Проблема законов социальной эволюции кажется возникшей из сравнения природы и общества. Так, собственно, в истории познания и происходит: развитие естествознания провоцирует попытки распространить законы природы (или законы физики) на совместное бытие людей. Эти попытки вызывают реакцию со стороны гуманитарно ориентированных философов и ученых: они пытаются выдвинуть – в противовес натуралистической экспансии – новые понятия о жизни людей, характеризующие ее специфический строй, особые тенденции развития.
Новые социальные понятия вырастают на почве человеческого бытия не в одиночку: они появляются более или менее отчетливой системой на линии разрывов, которые образуются между традиционным укладом жизни и меняющейся практикой общества.
Понятия как о человеческом индивиде, так и об обособленной от него социальной зависимости (общественном отношении) связаны общностью происхождения. Но эта их далеко не явная связь требует специального прояснения и осмысления. Развивающаяся наука и сопутствующая ей в этот период философия приступают к «монтажу» понятий, отражающих относительно обособленные аспекты человеческого бытия, так прорисовывается общая картина социальной реальности.
Эта картина вполне натуральна, можно сказать, реалистична: на ней представлены разные стороны человеческого бытия, его подсистемы, элементы.
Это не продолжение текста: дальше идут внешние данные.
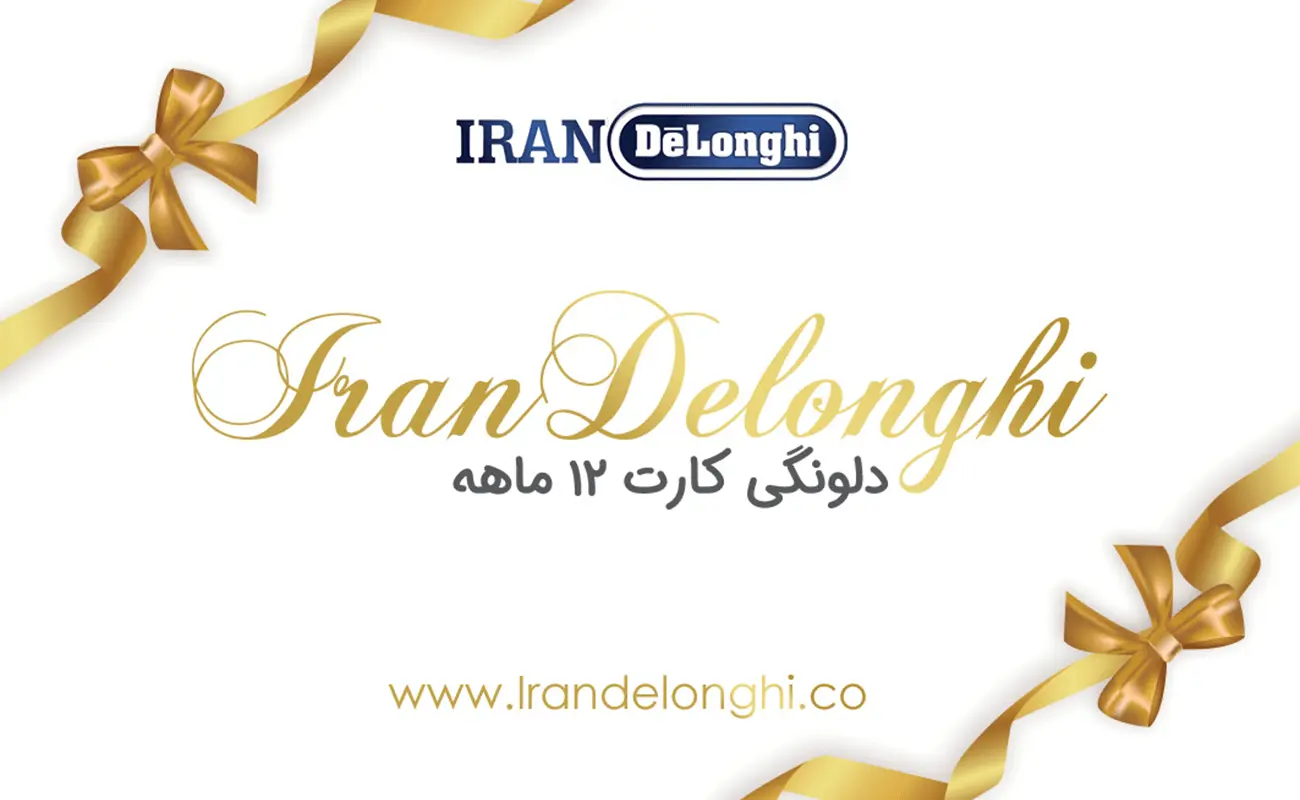 نسپرسو بوتیک ایران
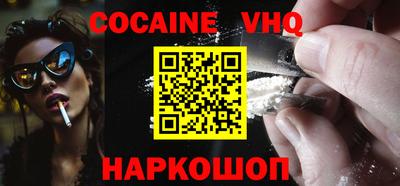прущие грибы Бугуруслан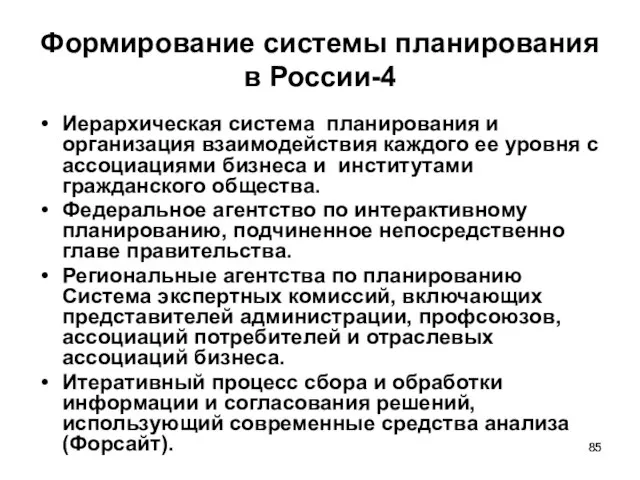 Формирование системы планирования в России-4 Иерархическая система планирования и организация взаимодействия каждого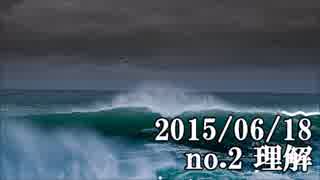 ショートサーキット出張版読み上げ動画468nico.mp4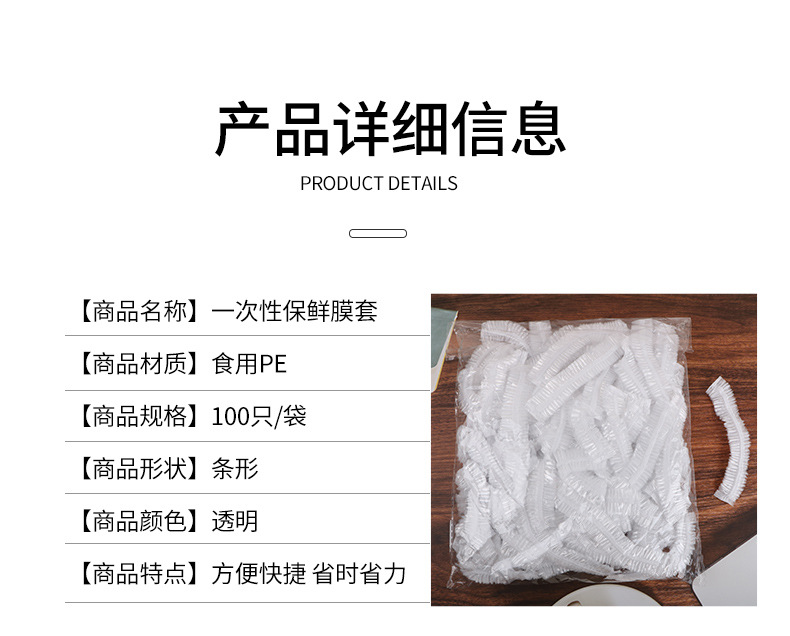Grade Disposable Plastic Wrap Sets Refrigerator Leftovers Bowl Cover SelfSealing Seal Fresh Cover Bowl Cover Table Cover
Вместе с тем она условна, располагает на плоскости явления, имеющие процессуальную природу: в ней связываются непосредственно разные планы и ступени деятельности людей, соприсутствуют как бы независимо друг от друга человеческие индивиды и особые формы их бытия… Непосредственно ретинальное изображение предметов на сетчатке глаза лишено объемности, и требуется определенный опыт деятельности человека, чтобы придать этому изображению глубину. Картина социального бытия тоже формируется определенным опытом, специальными приемами и образами, передающими процессуальность, разномасштабность и внутреннюю зависимость отображенных явлений.
Проблема изображения социальной реальности, видимо, всегда – и в попытках ее научного осмысления это особенно заметно – содержит парадоксальную трудность. Необходимо собрать «в одной раме» объекты, имеющие разные измерения, и вместе с тем представить анализ этой совокупности, показать, что внешние и внутренние связи этих объектов не совпадают.
Человеческое сознание в эпохи, предшествующие новому времени, в основном удовлетворялось традиционным отображением повседневной жизни людей (хотя, конечно, и тогда делались попытки понять скрытые, «внутренние» ее силы). Новое время обнаружило ограниченность такого отображения; «натураль– ность» его оказалась условностью, и возникающая наука об обществе, вынужденная с этой условностью считаться, должна была определить свою собственную роль в отображении связей человеческой реальности. Необходимо было не только представить картину человеческого бытия, но объяснить и понять природу связей, объединяющих различные его элементы. Для этого надо было приложить специальные усилия и выработать соответствующие научные методы. Нужны были понятия о связях, зависимостях, отношениях различных компонентов общественного целого, схемы, выявляющие действие таких зависимостей и связей в бытии людей, образы, вскрывающие формы процесса в результатах человеческой деятельности.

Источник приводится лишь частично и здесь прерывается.